One of the added bonuses of painting this unit was the magnificent contrasting facing colour of light orange which really sets them off. I really like the trumpeter in his reverse facing coat, one benefit of going pre-Bardin reform.  The orange shade probably looks very light due to the camera flash (the daylight bulb went bang this evening!), 

The Officer was a joy to paint also. His uniform is also quite magnificent.  I bought an Osprey book just to assist me with some of the small details, though it does not take much in the way of reasons for me to purchase an Osprey uniform book!

I decided to paint the unit with pom-poms for the 4 x squadrons.  As I wanted to base the figures in pairs (I have tried them in threes previously but found it made the bases unwieldy on the board), I had to have stands where the two cavalrymen are from different squadrons.   This is something that I am ok with. When the unit is acting as a regiment I only have to place the the mixed stand between the others and it works.  The pictures of the regiment together demonstrates this.

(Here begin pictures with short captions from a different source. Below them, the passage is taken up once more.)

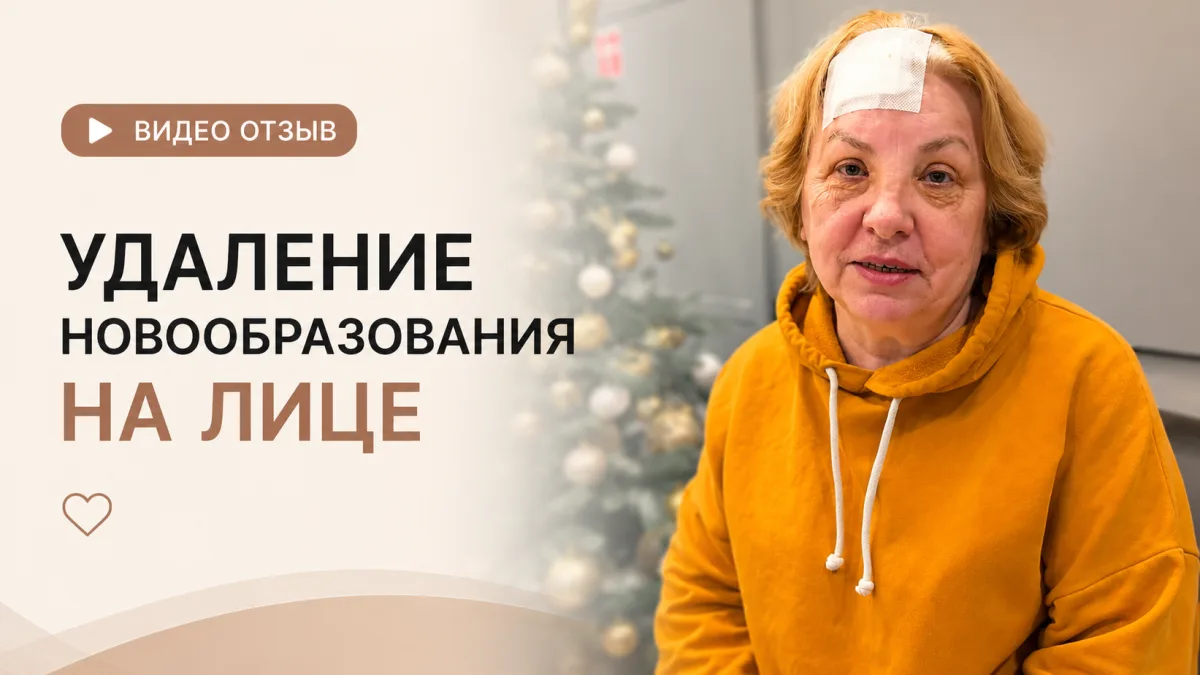 Видео отзыв 💛 об удалении новообразования на лице у врачей в «КДС Клиник» в Москве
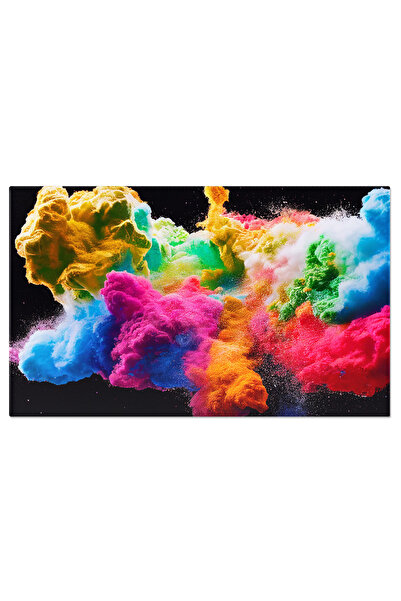 StoryGift Romania Tablou Canvas - Explosie De Culori La Festival: Burst, Holi...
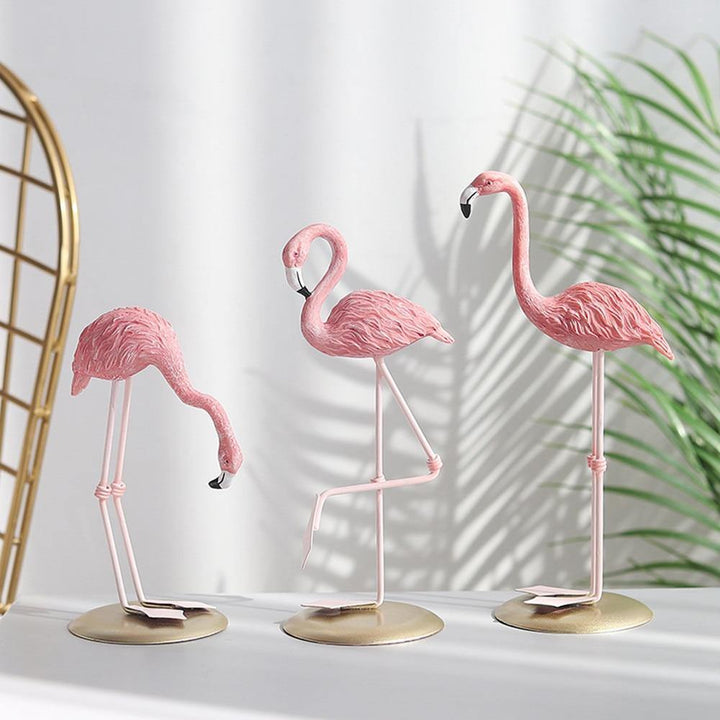 Nordic Style Flamingo Figurine - LuxVerve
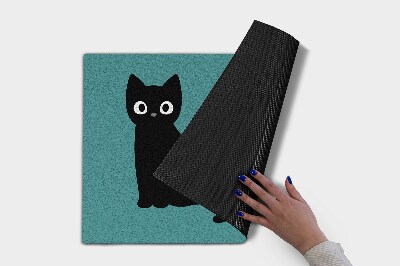 Door mat Home is where my cat is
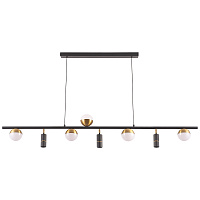 Подвесной светодиодный светильник Crystal Lux CLT 047C8 L1400 BL-GO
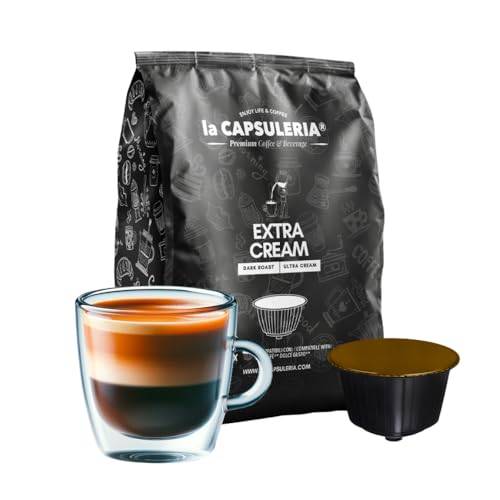 La Capsuleria - Kaffe EXTRA CREAM, superkrämig smak (80 Kapslar) kompatibel med Nescafé Dolce Gusto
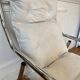Fauteuil tubulaire en métal chromé, années 70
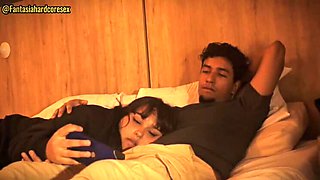 Sleepy Step Sister Blowjob Surprise - Alison Gonzalez Deep Throat Facial Cumshot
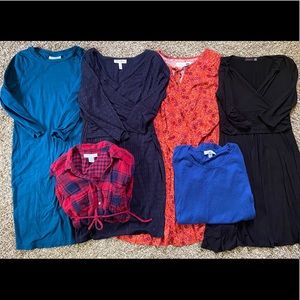 Maternity Fall Dress/Tunic Lot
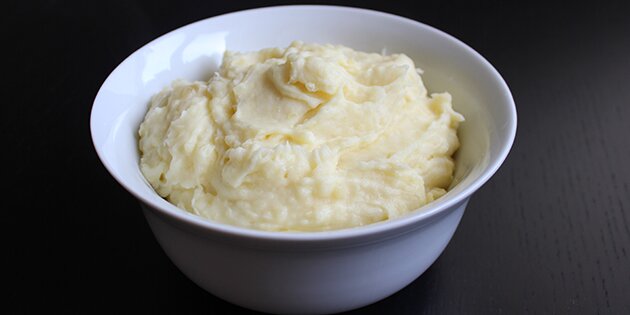 Cremet kartoffelmos.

Numbering on saddle rolls is something that I'll hold off on until I can get some transfers.  Badly painted numbers would spoil the effect, and I don't trust myself to get the numbering looking correct (my handwriting is bad enough, never mind painting digits!)

Paints used were a mixture of Wargames Foundry and Vallejo.  

I really do like the character that the Perry's sculpt into the faces of their figures. It is not to excess but they do have character!

I still have a large coffee jar of cat litter which I use for rocks.  As I probably place about 50 or so rocks in total per regiment, I might consider the coffee jar to be a lifetime supply!

I normally spray the horses with a matt varnish. I do wonder if they are little too dull and a semi-gloss sheen might be of benefit.  I guess the dust might tone down the sheen in reality. I don't spend time around horses to know how much effort it takes to make them go as shiny as a racehorse.  I might have to research this further.

The Elite Companies always look something quite special.  I kept the colpak and plumes as befitting an elite squadron who undoubtedly would want everyone to know they are the elite of the regiment.

And it was left to label up the magnetic base with the regiment details and take photos for the blog.

I'm not sure I can paint any more cavalry regiments at the moment.  The effort of painting two up  in a couple of months was quite hard going.  I fancy doing something completely different now, something a lot simpler!